- _Exercise requirements_: The lines from the one holding "Rear view of man standing on mountain" to the final line of the listing below are to be duplicated exactly, with both ends included and pictures omitted.

Data to process Block Start

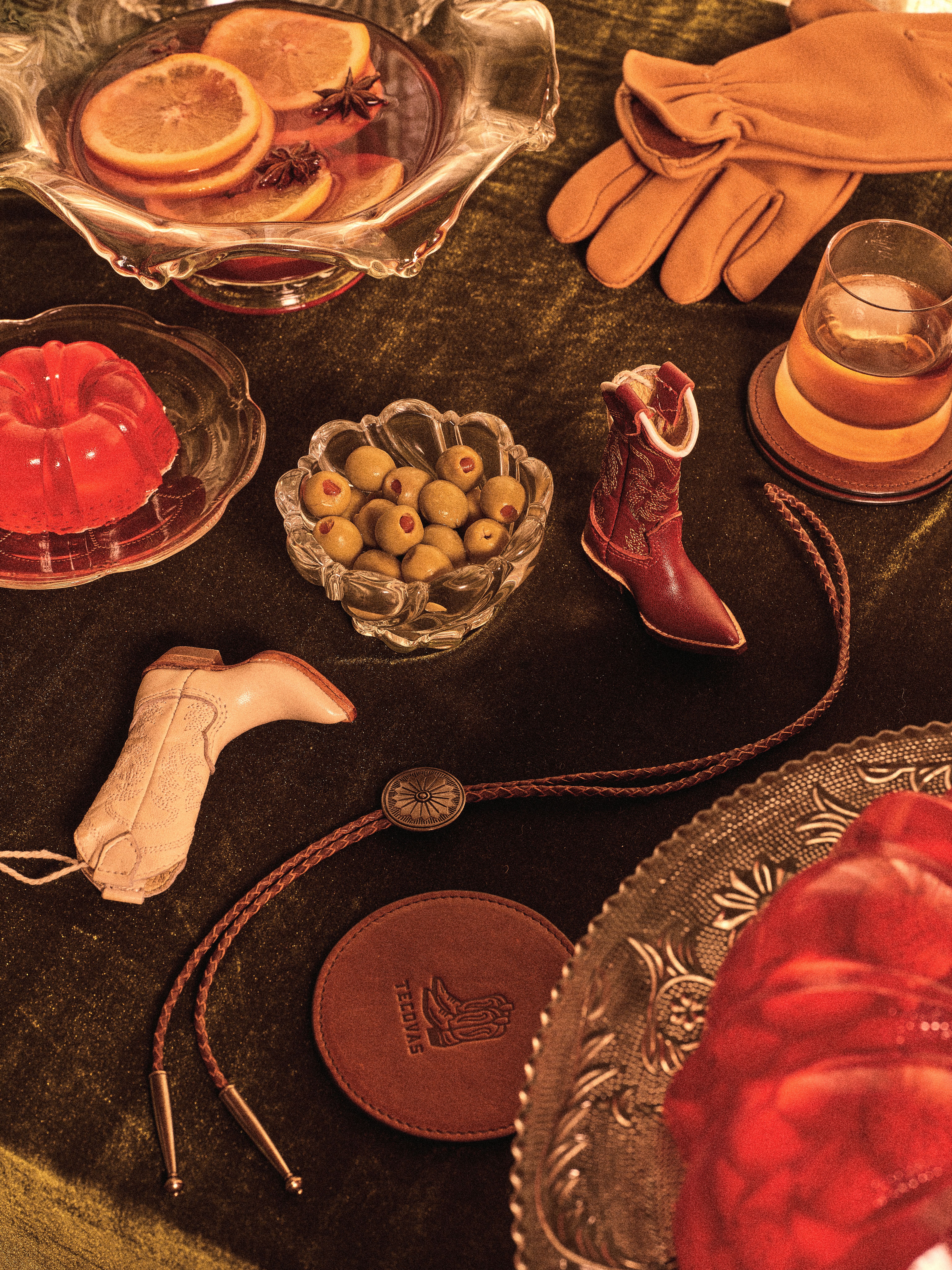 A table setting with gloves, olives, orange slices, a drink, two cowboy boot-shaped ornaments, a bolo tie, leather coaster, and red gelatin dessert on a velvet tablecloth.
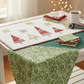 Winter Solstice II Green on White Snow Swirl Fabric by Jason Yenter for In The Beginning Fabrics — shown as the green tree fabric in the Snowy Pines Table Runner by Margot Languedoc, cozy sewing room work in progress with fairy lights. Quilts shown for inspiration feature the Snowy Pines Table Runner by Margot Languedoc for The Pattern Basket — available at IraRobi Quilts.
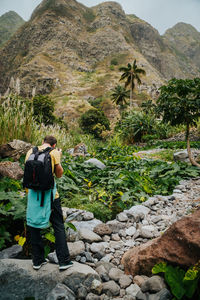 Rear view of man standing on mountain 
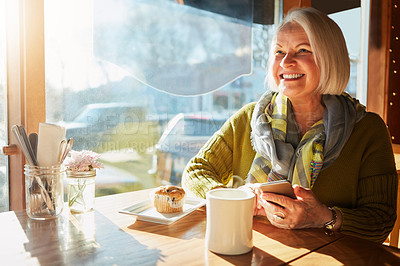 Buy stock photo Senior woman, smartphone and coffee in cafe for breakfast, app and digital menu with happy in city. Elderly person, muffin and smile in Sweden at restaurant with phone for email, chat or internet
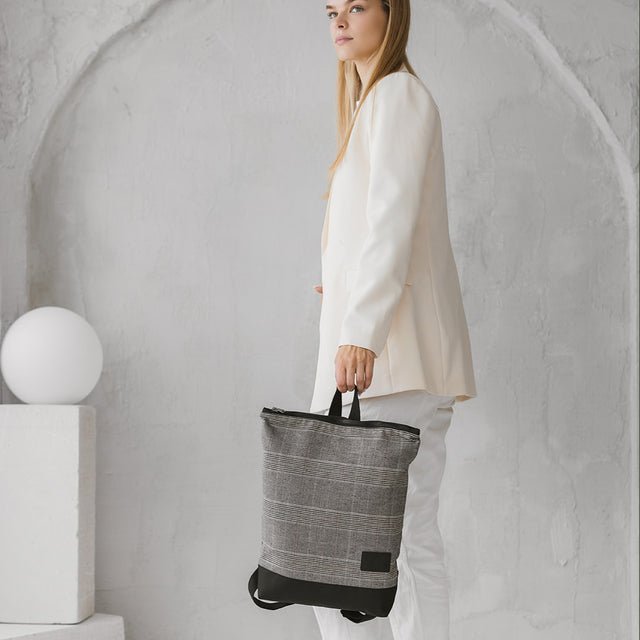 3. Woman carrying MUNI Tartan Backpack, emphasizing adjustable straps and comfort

Data to process Block End

- _Result of the exercise_:
 Rear view of man standing on mountain 
 Buy stock photo Senior woman, smartphone and coffee in cafe for breakfast, app and digital menu with happy in city. Elderly person, muffin and smile in Sweden at restaurant with phone for email, chat or internet
 3. Woman carrying MUNI Tartan Backpack, emphasizing adjustable straps and comfort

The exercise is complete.